Board members Mark Brentley Sr., Regina Holley and Terry Kennedy spoke in favor of the increase.
Ms. Holley said that poor communities have been hurt by school closings.
"We cannot balance the budget off the backs of the poor people, the poor children and the poor communities in this school district," Ms. Holley said,
In December, the board approved a $529.1 million budget for calendar 2014, but received court permission to delay voting on the tax rate until this month because of the uncertainty caused by property tax assessment appeals.
The approved budget had a deficit of $17.4 million this year, without including the tax rate increase. In addition, district officials continue to work on ways to trim expenses.

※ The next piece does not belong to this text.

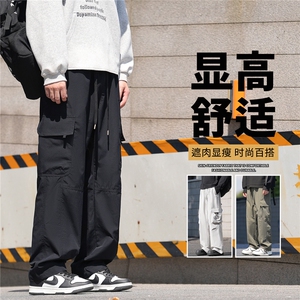 抖音品质工装裤男薄款美式宽松直筒冲锋裤A146-GY261特p25量大优图片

The countywide property tax reassessment took effect in calendar 2013 while both commercial and residential taxpayers continued to appeal their new property values.
As a result of the appeals, the district ended 2013 with about $10.3 million less than it expected from property tax revenues. The appeals are not done yet.
The amount a school district can increase property taxes is limited by a state law known as Act 1. The increase approved tonight was the most allowed without a referendum.
After more than a decade of steady property taxes, the board for 2013 approved a tax increase of 0.16 mills, also the most allowed without a referendum. The earlier increase enabled the district to set up a $3 million escrow fund for appeals, but that has been exhausted.
The board also approved a homestead exemption tonight. The homestead exemption for 2014 is $29,131. For residents who apply, this amount can be deducted from the value of their primary home for tax purposes.
The amount of exclusion is based on the nearly $15.6 million the district will get from the state in gaming revenues.
The city announced today that tax bills for the city and the school district will be sent out Feb. 14.